One goal is malted local barley, which is used for beer production. When heated and put in water to make it sprout, barley growers are introducing the technology of agronomy — producing and using plants for food and other purposes.
Local sprouted barley, dried down again and put in beer, was a big hit last fall when Mobile’s Braided River Brewing Co. released Alabama’s first barley malt beer grown and brewed in Alabama.
That barley/malt production is an economic advantage for the state. Local farmers, Auburn and Alabama A&M formed a supply chain selling Alabama malt to Alabama breweries, keeping the economics in Alabama.
Wiregrass Peanut Project
What goes best with a cold glass of Alabama beer? Wiregrass peanuts!
According to the Alabama Farmers Federation, Dothan — and the 100-mile radius surrounding it known as the Wiregrass region — is the Peanut Capital of the World. From there, an average of more than 400 million pounds of peanuts are grown per year representing about half the peanut production in the U.S.
Led by Clevenger, HudsonAlpha’s peanut-breeding project currently partners with a dozen local high schools to serve as a hands-on classroom-based study of the genetics of agriculture with a focus on breeding better peanut plants.
The “peanut gallery” begins with each student receiving a peanut.
“I take each peanut seed into my lab, shave a little off and put it in a well to extract DNA,” Clevenger says. “A peanut’s DNA is as unique to another peanut as the DNA of people standing in Times Square.”
He used the DNA to sequence the peanut’s genetic traits and, with the students, analyzed the sequence to give them a complete genetic profile of each peanut, identifying the attributes that will produce specific variations in the peanut.
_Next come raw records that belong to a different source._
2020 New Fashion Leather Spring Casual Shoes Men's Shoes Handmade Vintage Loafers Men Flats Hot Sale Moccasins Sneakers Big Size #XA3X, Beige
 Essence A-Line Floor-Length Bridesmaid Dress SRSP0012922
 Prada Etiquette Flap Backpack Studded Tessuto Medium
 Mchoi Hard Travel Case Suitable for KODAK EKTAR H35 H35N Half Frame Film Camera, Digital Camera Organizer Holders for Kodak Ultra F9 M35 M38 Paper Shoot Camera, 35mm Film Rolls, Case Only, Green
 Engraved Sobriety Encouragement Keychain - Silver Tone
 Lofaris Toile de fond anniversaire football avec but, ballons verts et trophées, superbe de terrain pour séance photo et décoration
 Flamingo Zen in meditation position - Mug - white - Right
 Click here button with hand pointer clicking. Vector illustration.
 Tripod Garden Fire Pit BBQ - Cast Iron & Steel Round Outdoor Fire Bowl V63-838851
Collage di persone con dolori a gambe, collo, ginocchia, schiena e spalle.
“We have serious discussions about what attributes we want when they nominate the peanut worthy of moving ahead in the development process,” Clevenger says.
The chosen peanut is backcrossed, transferring a good trait from one variety to the favored genetic background of another. Within a couple of years, they will breed a great peanut with resistance to diseases, a trait that will contribute to the economic bottom line of the producer.
“This is important because fungal diseases are a major concern in south Alabama due to heat and humidity,” Clevenger says. “The average farmer will require seven or eight fungicidal treatments during a growing season.”
The cost of those treatments comes straight from the farmer’s profits.
The Pecan Project
Nowhere are the benefits of genetic sequencing over traditional phenotyping better demonstrated than with Jeremy Schmutz’ pecan project.
The common phenotypic selection for breeding pecan trees is very slow. It takes seven years for a pecan tree to produce its first nut and 10 more years before it produces its first full harvest, used to measure the pecan’s production for its 30-year lifecycle. That pecan tree must survive in that spot, remain healthy and produce nuts for decades.
With genetic sequencing, the breeder selects the most desirable pecan varieties and within two years, can move into a more rapid breeding cycle by backcrossing and creating offspring. The process is accelerated by chopping off a healthy desirable root stock and grafting it onto a tree with a desired trait like disease or drought resistance.
“We go back into the breeding program and transition some of them away from the phenotypic base and hopefully accelerate the production of new varieties,” says Schmutz. “We are focused on minimizing inputs going in, and hopefully optimize on the other side, the plant’s ability to live in that environment.”
Kimberly Ballard is a Huntsville-based freelance contributor to Business Alabama.
This article appears in the January 2024 issue of Business Alabama.